Calculate the area and the height of an equilateral triangle whose perimeter is 60 cm.
A. $173.2c{{m}^{2}};11.32$
B. $173.2c{{m}^{2}};19.32$
C. $173.2c{{m}^{2}};17.32$
D. $173.2c{{m}^{2}};14.32$

Answer 1

Hint:For solving this problem, first we find the side length by using the perimeter. Now, the height of an equilateral triangle is evaluated by using Pythagoras theorem. After this, by using the formula of area of the triangle, we evaluate the area of the equilateral triangle. In this way we can easily solve the problem.

Complete step-by-step answer:
According to the problem statement, the perimeter of an equilateral triangle is 60cm. Let all the three equal sides of the equilateral triangle be a each.
The formula for the perimeter of a triangle is the sum of all the sides.
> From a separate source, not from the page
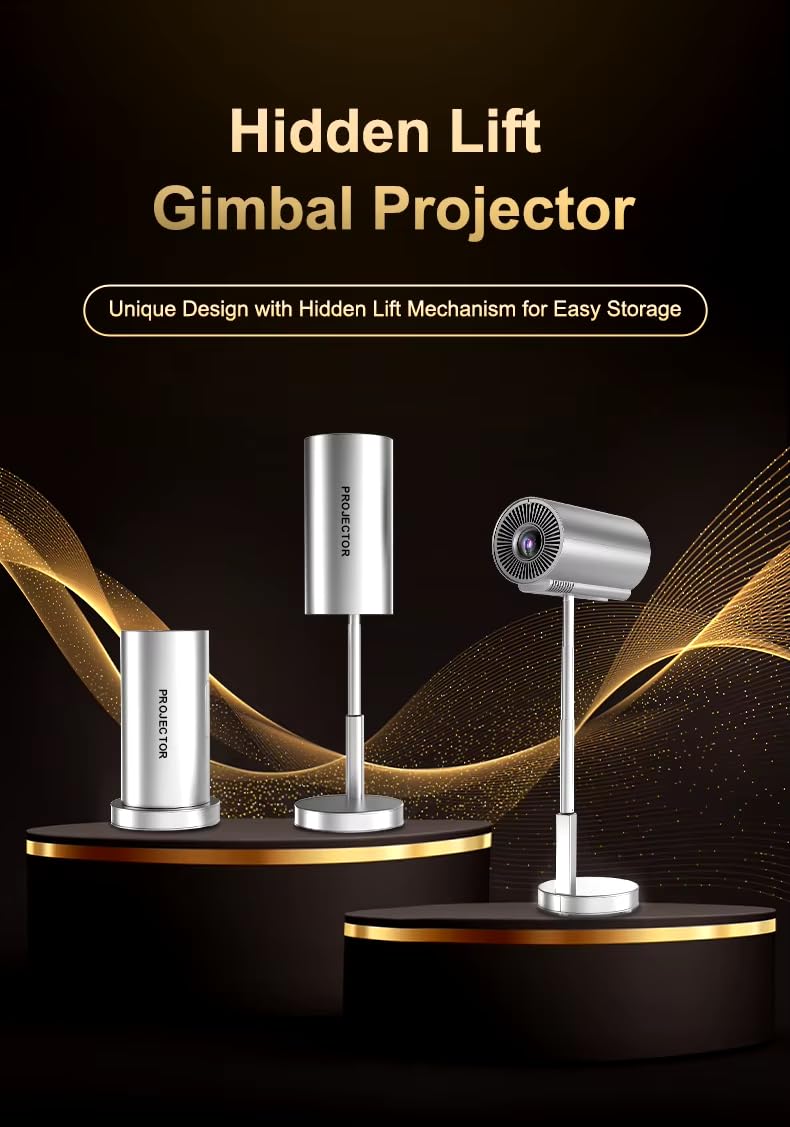 Cubonic T200 Smart Projector for Home, Native 720p with 4K Support, 4500 Lumens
So, by using the formula of perimeter of a equilateral triangle:
$\begin{align}
  & a+a+a=60 \\
 & 3a=60 \\
 & a=\dfrac{60}{3} \\
 & a=20cm \\
\end{align}$
Therefore, the side length of the equilateral triangle is 20cm.
Now, by using the property that the median of the equilateral triangle bisects the side, calculate the half length of the side.

Applying the Pythagoras theorem in triangle ABD,
$\begin{align}
  & A{{D}^{2}}=A{{B}^{2}}+B{{D}^{2}} \\
 & {{20}^{2}}={{h}^{2}}+{{10}^{2}} \\
 & {{h}^{2}}=400-100 \\
 & {{h}^{2}}=300 \\
 & h=\sqrt{300} \\
 & h=17.32cm \\
\end{align}$
Therefore, the height of the triangle is 17.32 cm.
Now, the area of a triangle is given by $=\dfrac{1}{2}\times b\times h$
On putting the values as b = 20 cm and h = 17.32 cm in area, we get
$\begin{align}
  & A=\dfrac{1}{2}\times 20\times 17.32 \\
 & A=173.2c{{m}^{2}} \\
\end{align}$
Therefore, the area of the triangle is 173.2 square cm.
Hence, option (C) is correct.

Note: This problem can also be solved alternatively by using the formula for or area of equilateral triangle which can be stated as $\dfrac{\sqrt{3}}{4}{{a}^{2}}$, where a is the side of triangle. Once the area is obtained then by using the general formula for area of triangle i.e $=\dfrac{1}{2}\times b\times h$ height can be calculated.